Ships keep crashing by the sea cliffs near your settlement on the edge of nowhere, yet you light no fires in a storm to warn them away. You wait for them to split, kill any survivors, and salvage the cargo. You call it God’s bounty.
Such is the harrowing premise of The Wreckers, the obscure masterpiece of the doughty, once far-from-obscure Dame Ethel Smyth (1858–1944). A major general’s daughter and women’s activist who once shared the same jail cell with her proud sister suffragette Emmeline Pankhurst, Smyth the composer was no dabbler. Defying her father, she studied her craft in Leipzig, in the ambit of Brahms. At the conservatory, where she did not remain for long, she impressed Tchaikovsky.
“I stand or fall by The Wreckers,” Smyth said. Dismayed by the butchered premiere in Leipzig in 1906, she physically snatched the orchestra parts and skipped town. Even so, she found new champions for the work in such maestros as Sir Thomas Beecham, Bruno Walter, Gustav Mahler, and Sir John Barbirolli. Some plans to produce it panned out. Blame force majeure—war, Mahler’s resignation from the Vienna Court Opera—for those that did not.
Rare, more recent revivals notwithstanding, The Wreckers has remained in limbo. But that may be about to change. This summer, Glyndebourne opened its festival season with a thunderous new production of The Wreckers. Glyndebourne’s music librarian Martyn Bennett has established a reliable new performing edition of the score, which is sung, apparently for the first time, in the American philosopher-poet Henry Brewer’s high-toned original French. To experience Les Naufrageurs (as Brewer called it), even on video, is to plunge headlong into a maelstrom.
If you can handle the relentless intensity (and that’s no rhetorical “if”), the vigor, passion, color, and intermittent lyricism will sweep you away. Smyth paints seascapes like Turner’s, surging with massive groundswells, casting off spindrift in the flight of a solo flute or fiddle. Her ghoulish zealots praise their God in psalms and anthems of hymnic grandeur. Is it incongruous when a sex-crazed, spiteful teenager takes a few pages from Carmen’s playbook? Strange to tell, not really.
Glyndebourne’s music director Robin Ticciati catches Smyth’s craftsmanship and striking color sense as surely as her visceral power. The production, by Melly Stills, is modern-dress, Spartan in décor, and haunted by the masked souls of dead castaways, whose wordless voices swirl in and out of Smyth’s phantasmagoria.

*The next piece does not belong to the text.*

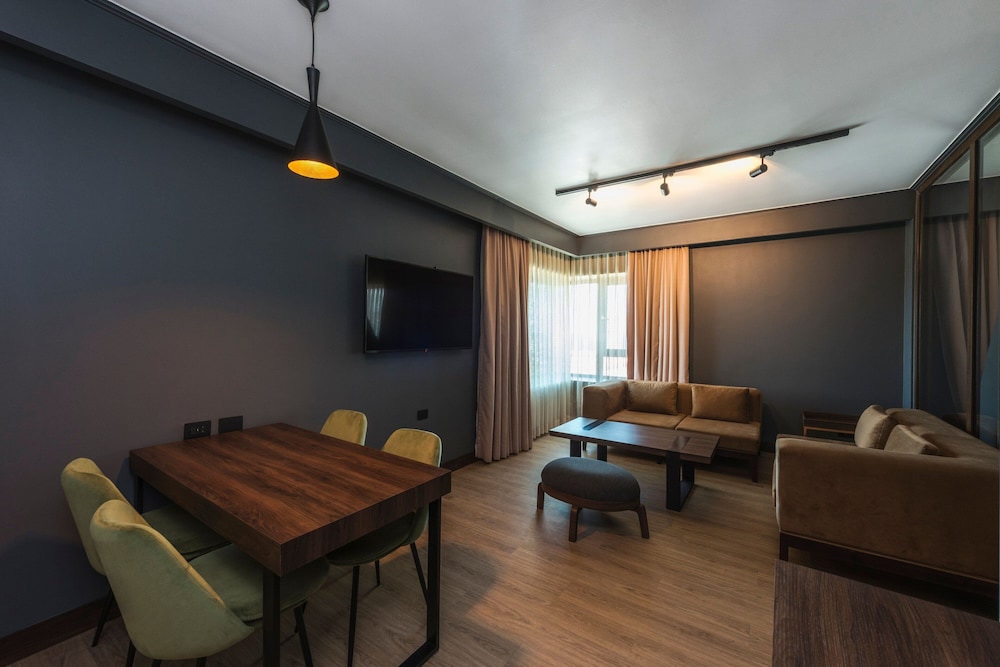 Suite, 1 Bedroom photo 1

And the cast is epic. As Thurza, the lighter of forbidden fires, the mezzo-soprano Karis Tucker is a pillar of defiance, but also a woman whom love ennobles. As Marc, her adulterous partner in capital offenses, the tenor Rodrigo Porras Garulo, matches her stamina, conviction, and sheer eloquence. Also, he looks like a movie star. (Next time, can he sing Cavaradossi?)
Watch, too, for the soprano Lauren Fagan as the mean girl Avis; the strapping mezzo-soprano Marta Fontanals-Simmons as the teenage lad Avis tries to wind around her little finger; and the glowering bass-baritone Philip Horst as Pasko, Thurza’s cradle-robbing husband and the Wreckers’ very own Dark Lord.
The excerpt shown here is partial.